Abstract
Effective clinical deployment of deep learning models in healthcare demands high generalization performance to ensure accurate diagnosis and treatment planning. This requirement is critical as deep learning models often face challenges with limited data availability and imbalanced datasets across different hospitals, device settings, and patient populations. In recent years, significant research has focused on improving the generalization of deep learning models by regularizing the sharpness of the loss landscape, which refers to the curvature of the error surface that the models are trained to minimize. Among the optimization approaches that explicitly minimize sharpness, Sharpness-Aware Minimization (SAM) has shown substantial potential in enhancing generalization performance on general domain image datasets. This success has influenced the development of several advanced sharpness-based algorithms aimed at addressing the limitations of SAM, including Adaptive SAM (ASAM), Surrogate-Gap SAM (GSAM), Weighted SAM (WSAM), and Curvature Regularized SAM (CR-SAM). These algorithms have demonstrated improvements in model generalization compared to conventional stochastic gradient descent optimizers and their variants on non-medical image datasets. However, their efficacy on medical images has not been thoroughly evaluated.This thesis aims to fill this gap by evaluating the generalization performance of these sharpness-based optimizers specifically on breast ultrasound (BUS) images by comparing them against the baseline performance achieved with the Adam optimizer. The experiments involve two CNN-based classification models (ResNet50 and VGG16) and two Vision Transformer models (ViT and Swin Transformer). The experimental results indicate that SAM successfully enhances the generalization of various deep learning models on BUS images. Specifically, while Adaptive SAM improves generalization for convolutional neural networks, it fails to do so for Vision Transformers. Other sharpness-based optimizers, including GSAM, WSAM, and CR-SAM, do not demonstrate consistent results across our experiments. These results reveal that, contrary to findings in the non-medical domain, SAM is the only sharpness-based optimizer that consistently improves generalization in medical image analysis.
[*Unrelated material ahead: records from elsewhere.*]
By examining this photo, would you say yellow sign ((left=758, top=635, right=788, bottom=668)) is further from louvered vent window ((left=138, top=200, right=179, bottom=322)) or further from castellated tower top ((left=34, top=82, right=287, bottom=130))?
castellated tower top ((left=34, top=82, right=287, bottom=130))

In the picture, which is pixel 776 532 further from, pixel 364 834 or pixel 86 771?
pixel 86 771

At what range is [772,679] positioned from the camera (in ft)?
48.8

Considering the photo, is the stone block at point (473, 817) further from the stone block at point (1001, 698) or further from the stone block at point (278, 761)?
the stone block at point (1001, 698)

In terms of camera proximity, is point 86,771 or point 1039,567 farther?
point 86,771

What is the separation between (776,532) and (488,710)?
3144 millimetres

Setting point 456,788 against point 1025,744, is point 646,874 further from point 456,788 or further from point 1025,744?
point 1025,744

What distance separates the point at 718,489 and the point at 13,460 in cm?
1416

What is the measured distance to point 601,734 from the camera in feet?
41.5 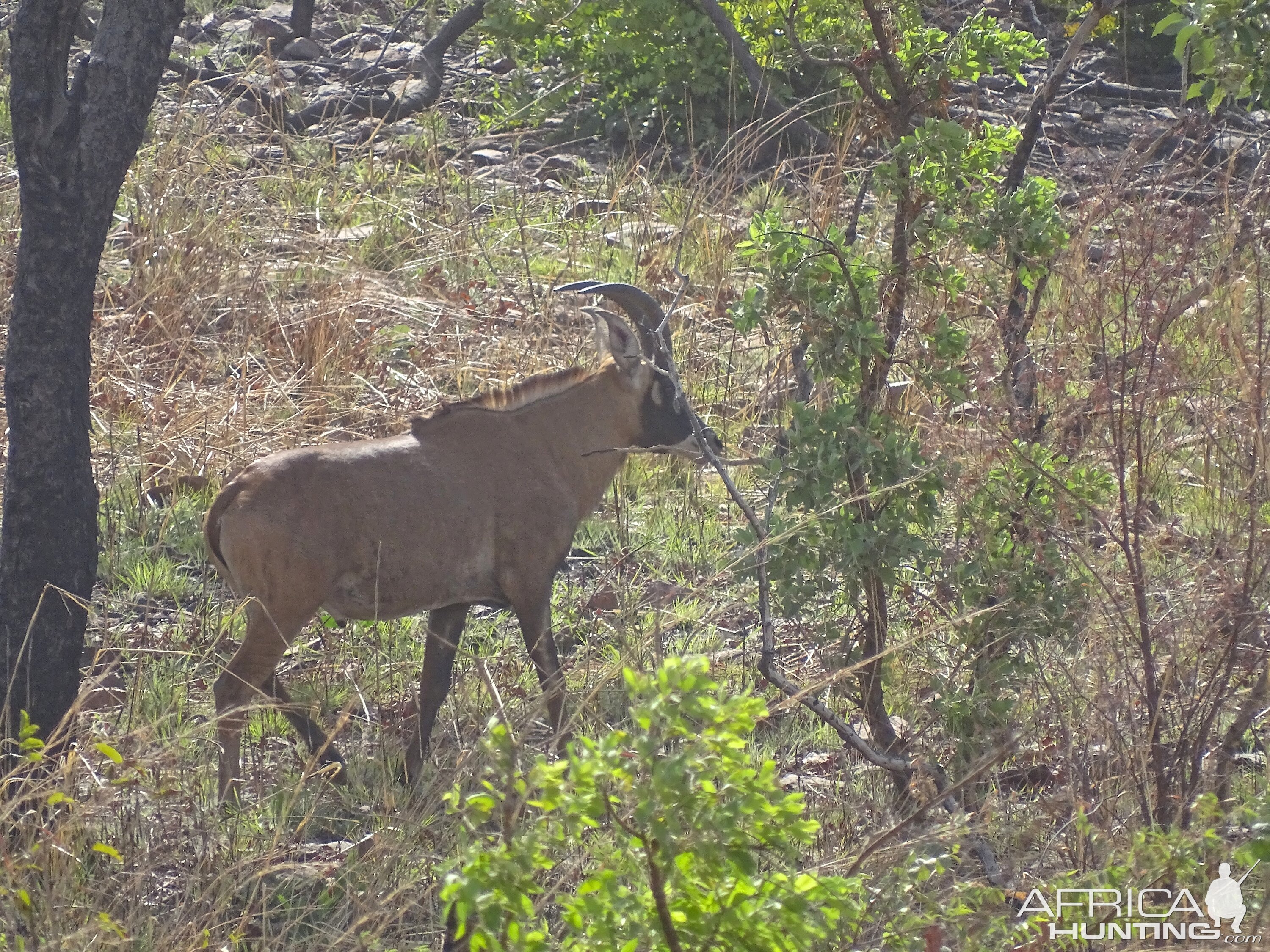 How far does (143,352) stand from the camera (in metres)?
8.30

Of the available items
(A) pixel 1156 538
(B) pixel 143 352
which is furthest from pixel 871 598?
(B) pixel 143 352

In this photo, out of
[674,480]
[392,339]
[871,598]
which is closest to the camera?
[871,598]

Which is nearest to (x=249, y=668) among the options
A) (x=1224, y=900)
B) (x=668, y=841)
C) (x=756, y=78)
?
(x=668, y=841)

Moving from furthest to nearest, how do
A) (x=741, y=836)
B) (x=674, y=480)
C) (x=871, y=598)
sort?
(x=674, y=480) → (x=871, y=598) → (x=741, y=836)

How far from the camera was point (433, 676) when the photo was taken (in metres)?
5.70

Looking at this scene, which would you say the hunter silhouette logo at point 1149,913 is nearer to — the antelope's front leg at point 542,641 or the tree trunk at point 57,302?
the antelope's front leg at point 542,641

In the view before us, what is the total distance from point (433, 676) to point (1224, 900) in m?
3.09

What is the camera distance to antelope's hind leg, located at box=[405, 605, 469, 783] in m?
5.48

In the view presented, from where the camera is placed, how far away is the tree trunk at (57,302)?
4637mm

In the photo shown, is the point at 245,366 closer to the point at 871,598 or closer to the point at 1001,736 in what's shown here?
the point at 871,598

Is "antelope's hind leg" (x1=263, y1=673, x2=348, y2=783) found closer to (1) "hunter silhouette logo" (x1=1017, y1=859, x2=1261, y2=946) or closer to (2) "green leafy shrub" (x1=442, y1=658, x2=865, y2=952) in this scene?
(2) "green leafy shrub" (x1=442, y1=658, x2=865, y2=952)

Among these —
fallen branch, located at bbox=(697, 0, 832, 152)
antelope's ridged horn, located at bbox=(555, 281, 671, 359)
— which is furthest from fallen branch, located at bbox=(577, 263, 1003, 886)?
fallen branch, located at bbox=(697, 0, 832, 152)

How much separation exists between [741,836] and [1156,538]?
3013 millimetres

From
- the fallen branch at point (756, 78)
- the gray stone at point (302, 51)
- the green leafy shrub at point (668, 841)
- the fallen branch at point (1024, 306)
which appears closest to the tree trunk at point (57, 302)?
the green leafy shrub at point (668, 841) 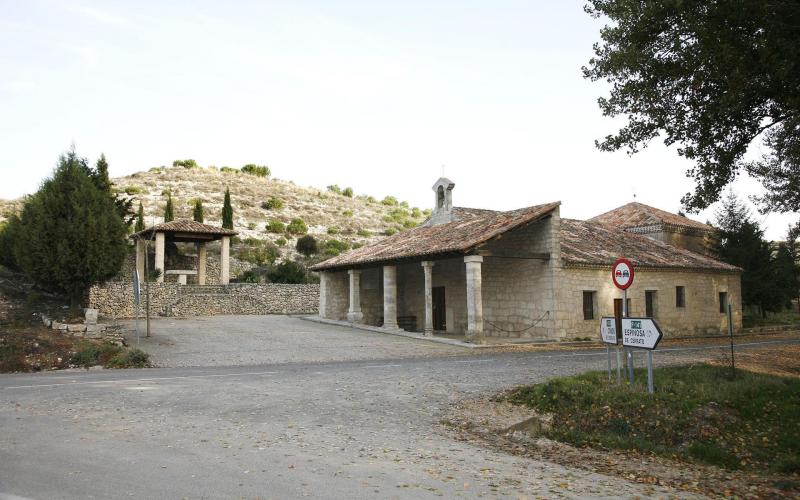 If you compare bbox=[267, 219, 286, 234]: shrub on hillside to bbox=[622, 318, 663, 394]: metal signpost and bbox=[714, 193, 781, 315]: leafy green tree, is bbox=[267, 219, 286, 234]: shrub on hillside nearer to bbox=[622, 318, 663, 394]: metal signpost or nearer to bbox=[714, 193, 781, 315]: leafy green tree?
bbox=[714, 193, 781, 315]: leafy green tree

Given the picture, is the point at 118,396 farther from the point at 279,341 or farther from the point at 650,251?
the point at 650,251

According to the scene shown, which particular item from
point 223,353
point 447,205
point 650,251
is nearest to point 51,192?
point 223,353

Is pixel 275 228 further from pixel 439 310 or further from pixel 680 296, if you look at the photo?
pixel 680 296

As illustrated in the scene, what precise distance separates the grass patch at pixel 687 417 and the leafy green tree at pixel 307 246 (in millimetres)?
39425

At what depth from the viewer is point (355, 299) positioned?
95.1 ft

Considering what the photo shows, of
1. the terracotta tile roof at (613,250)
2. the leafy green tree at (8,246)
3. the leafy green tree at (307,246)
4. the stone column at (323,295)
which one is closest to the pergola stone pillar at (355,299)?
the stone column at (323,295)

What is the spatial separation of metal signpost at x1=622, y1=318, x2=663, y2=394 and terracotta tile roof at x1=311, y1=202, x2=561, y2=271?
39.0ft

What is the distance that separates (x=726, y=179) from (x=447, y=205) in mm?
16783

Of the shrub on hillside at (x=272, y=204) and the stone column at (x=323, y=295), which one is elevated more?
the shrub on hillside at (x=272, y=204)

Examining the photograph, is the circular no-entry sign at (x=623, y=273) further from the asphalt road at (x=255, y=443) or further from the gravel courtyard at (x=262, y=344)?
the gravel courtyard at (x=262, y=344)

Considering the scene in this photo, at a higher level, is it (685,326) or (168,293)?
(168,293)

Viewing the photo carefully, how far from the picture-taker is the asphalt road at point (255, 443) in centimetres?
517

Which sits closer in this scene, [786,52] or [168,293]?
[786,52]

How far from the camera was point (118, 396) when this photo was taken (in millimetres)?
10109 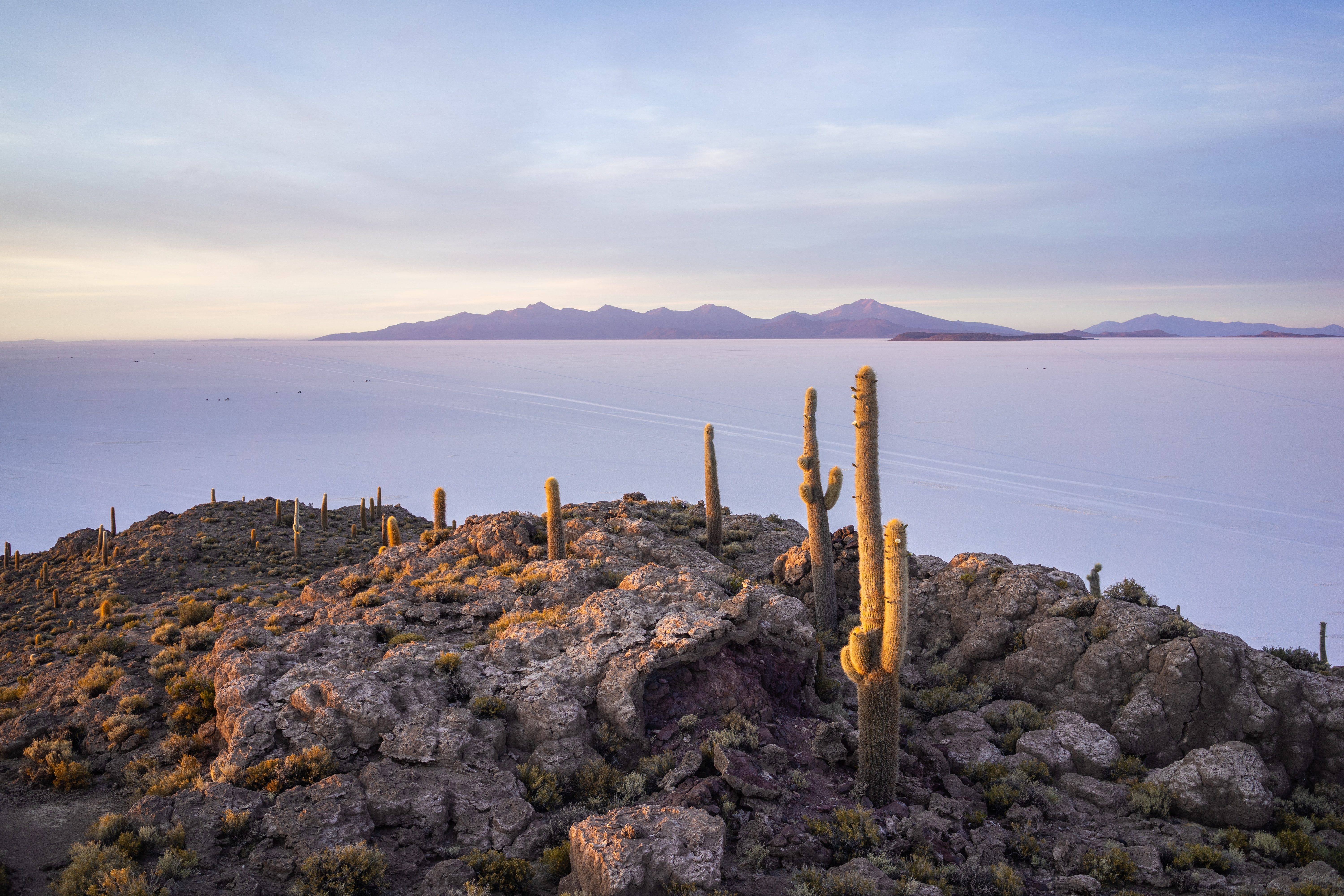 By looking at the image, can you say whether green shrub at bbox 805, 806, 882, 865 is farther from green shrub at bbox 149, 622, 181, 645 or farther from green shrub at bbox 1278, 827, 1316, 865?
green shrub at bbox 149, 622, 181, 645

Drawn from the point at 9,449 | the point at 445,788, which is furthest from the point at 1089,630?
the point at 9,449

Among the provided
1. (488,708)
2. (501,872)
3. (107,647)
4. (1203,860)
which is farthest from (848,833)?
(107,647)

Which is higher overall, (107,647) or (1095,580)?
(107,647)

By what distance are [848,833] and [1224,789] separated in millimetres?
6245

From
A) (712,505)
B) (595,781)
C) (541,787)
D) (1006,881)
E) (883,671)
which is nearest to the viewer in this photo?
(1006,881)

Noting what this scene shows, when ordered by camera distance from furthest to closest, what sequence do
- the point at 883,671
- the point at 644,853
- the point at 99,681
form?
the point at 99,681
the point at 883,671
the point at 644,853

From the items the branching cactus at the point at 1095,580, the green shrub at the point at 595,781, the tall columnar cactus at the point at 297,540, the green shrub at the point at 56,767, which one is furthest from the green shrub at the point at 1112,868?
the tall columnar cactus at the point at 297,540

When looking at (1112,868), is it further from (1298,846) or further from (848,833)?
(848,833)

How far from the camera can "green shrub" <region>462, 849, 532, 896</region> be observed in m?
8.67

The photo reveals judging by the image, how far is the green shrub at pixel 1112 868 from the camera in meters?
9.54

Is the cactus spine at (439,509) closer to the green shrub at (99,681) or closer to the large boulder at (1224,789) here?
the green shrub at (99,681)

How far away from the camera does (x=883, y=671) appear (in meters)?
10.8

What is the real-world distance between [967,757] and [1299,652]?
27.7 ft

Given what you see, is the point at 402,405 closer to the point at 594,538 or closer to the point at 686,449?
the point at 686,449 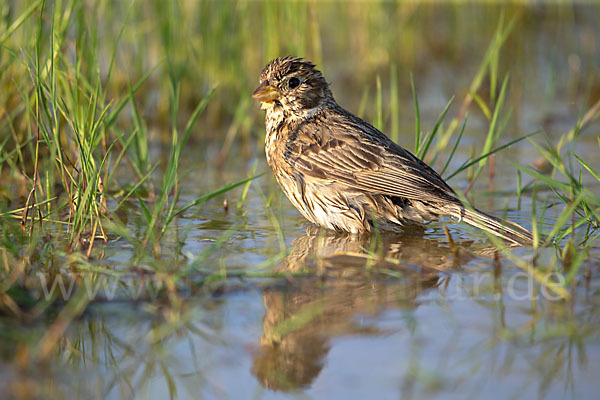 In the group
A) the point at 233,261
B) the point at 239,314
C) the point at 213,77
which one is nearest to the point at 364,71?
the point at 213,77

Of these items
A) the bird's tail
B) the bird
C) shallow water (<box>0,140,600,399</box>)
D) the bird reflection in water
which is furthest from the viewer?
the bird

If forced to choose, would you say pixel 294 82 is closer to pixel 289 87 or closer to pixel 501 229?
pixel 289 87

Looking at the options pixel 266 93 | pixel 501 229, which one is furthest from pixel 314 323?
pixel 266 93

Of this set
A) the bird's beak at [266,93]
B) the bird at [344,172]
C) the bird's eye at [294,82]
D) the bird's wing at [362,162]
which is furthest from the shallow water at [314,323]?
the bird's eye at [294,82]

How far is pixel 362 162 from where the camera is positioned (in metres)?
5.21

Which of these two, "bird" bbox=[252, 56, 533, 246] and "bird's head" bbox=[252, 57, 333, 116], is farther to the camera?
"bird's head" bbox=[252, 57, 333, 116]

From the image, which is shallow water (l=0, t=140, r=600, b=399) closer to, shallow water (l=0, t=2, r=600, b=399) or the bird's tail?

Further analysis, including Hessian-based evaluations, supports the hypothesis that flatter minima correlate with better generalization. The Hessian calculations validate that the loss landscape produced by SAM is flatter than that resulting from the standard Adam optimizer for all tested models. These insights underscore the importance of further research to refine SAM and its variants, with the goal of enhancing generalization performance in medical image analysis and ensuring the reliable clinical deployment of deep learning models.